Question

If radius of earth is R then the height h at which the value of g becomes one fourth is:
A) $2 \mathrm{R}$
B) $3 \mathrm{R}$
C) $\mathrm{R}$
D) $4 \mathrm{R}$

Answer 1

Hint: The Earth’s gravity is denoted by g which is the total acceleration that is distributed to objects due to the lump sum effect of gravitation (from mass distribution within Earth) and the centrifugal force (from the rotation of Earth's).

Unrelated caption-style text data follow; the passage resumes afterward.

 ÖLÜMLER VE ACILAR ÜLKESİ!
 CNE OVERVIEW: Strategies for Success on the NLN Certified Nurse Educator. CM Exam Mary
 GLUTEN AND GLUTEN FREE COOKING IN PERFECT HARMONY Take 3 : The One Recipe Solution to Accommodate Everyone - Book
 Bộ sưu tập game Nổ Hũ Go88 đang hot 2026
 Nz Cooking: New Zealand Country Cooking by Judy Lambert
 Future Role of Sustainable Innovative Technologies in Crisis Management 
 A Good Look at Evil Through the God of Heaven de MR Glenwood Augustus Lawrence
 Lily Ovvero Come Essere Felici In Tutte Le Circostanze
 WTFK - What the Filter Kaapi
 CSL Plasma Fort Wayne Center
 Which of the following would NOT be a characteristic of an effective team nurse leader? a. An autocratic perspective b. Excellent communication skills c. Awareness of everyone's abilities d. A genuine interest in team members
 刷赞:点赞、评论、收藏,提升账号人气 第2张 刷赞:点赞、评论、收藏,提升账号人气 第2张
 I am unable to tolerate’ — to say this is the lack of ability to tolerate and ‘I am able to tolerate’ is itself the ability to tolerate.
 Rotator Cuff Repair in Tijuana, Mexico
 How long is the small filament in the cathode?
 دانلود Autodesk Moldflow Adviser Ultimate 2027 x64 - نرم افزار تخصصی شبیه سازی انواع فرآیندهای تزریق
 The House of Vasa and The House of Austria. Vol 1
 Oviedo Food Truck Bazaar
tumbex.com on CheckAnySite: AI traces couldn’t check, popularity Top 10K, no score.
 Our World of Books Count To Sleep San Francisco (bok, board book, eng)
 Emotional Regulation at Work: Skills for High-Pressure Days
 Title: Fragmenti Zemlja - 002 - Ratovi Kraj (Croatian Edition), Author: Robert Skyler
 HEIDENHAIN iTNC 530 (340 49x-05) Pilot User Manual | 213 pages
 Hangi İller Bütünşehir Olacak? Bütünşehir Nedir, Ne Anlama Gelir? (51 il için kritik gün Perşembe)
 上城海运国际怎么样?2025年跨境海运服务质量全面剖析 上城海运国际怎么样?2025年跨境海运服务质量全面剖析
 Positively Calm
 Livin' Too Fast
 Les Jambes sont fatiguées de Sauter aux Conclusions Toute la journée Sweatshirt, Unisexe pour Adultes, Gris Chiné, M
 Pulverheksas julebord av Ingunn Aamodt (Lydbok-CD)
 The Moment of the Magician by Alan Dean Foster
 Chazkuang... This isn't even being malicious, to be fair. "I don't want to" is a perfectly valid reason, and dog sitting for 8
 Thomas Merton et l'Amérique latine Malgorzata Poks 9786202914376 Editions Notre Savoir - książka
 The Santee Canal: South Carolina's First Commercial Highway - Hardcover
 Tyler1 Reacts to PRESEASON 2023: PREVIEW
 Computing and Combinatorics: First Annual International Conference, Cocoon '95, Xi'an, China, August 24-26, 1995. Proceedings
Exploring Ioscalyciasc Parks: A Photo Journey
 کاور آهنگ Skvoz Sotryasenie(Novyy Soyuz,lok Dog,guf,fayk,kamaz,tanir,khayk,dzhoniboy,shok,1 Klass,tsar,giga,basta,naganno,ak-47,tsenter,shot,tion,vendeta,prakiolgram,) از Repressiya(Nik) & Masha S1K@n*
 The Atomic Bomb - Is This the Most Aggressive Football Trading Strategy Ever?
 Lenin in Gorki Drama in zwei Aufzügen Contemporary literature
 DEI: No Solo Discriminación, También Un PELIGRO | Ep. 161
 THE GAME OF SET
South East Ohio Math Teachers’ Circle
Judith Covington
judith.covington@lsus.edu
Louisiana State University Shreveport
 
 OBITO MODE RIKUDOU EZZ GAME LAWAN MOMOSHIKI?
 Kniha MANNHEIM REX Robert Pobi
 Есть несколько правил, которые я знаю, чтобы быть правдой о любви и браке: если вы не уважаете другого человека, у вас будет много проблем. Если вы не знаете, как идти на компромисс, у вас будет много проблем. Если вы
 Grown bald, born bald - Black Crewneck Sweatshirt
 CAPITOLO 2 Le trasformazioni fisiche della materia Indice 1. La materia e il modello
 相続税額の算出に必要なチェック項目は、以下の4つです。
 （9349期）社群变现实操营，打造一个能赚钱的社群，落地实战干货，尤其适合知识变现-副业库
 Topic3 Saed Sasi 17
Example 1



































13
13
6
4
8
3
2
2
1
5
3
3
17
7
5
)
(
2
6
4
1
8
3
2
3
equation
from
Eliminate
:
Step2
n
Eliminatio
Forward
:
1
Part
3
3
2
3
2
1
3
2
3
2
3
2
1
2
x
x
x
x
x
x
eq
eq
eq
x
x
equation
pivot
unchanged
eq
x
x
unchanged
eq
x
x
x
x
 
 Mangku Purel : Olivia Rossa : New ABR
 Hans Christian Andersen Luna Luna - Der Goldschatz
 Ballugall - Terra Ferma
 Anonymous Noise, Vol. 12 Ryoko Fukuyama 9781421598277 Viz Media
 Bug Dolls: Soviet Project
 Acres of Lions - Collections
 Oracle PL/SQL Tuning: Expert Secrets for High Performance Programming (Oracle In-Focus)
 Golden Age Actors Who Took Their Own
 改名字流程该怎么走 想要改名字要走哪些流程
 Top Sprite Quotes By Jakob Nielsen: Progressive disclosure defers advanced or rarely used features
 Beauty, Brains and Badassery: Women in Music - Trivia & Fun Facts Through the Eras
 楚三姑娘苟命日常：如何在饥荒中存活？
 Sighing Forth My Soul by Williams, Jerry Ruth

Complete step by step answer:
We can denote the gravitation of earth as,
$\mathrm{g}=\dfrac{G M}{R^{2}}$
We can assume that at some height $\mathrm{H}$, we can consider the acceleration due to gravity to be $\text{g }\!\!'\!\!\text{ }$
Now, we can denote the given situation in the following formula,
$\Rightarrow \mathrm{g}^{\prime}=\dfrac{G M}{(R+H)^{2}}$
In the given question,
$\Rightarrow g’=g / 4$
Therefore, while solving for $\mathrm{H}$, we get,
$\Rightarrow \dfrac{g}{4}=g’$
Therefore,
$\Rightarrow \dfrac{G M}{4 R^{2}}=\dfrac{G M}{(R+H)^{2}}$
Or,$R+H=2 R$
Or, $H=R$

Therefore, the correct answer is option C.

Note: While denoting in terms of SI units, this acceleration is measured in metres per second squared (in symbolic notation, it is denoted as $\mathrm{m} / \mathrm{s}^{2}$ or $\mathrm{m}.\mathrm{s}^{-2}$ ) or similarly in newtons per kilogram (N/kg or $\mathrm{N}.\mathrm{kg}^{-1}$ ). At some distance from the Earth's surface, gravitational acceleration is approximately $9.81 \mathrm{~m} / \mathrm{s}^{2}$. This denotes that, if we ignore the effects of air resistance, the speed of an object falling in free motion will get incremented by almost around 9.81 metres per second per second.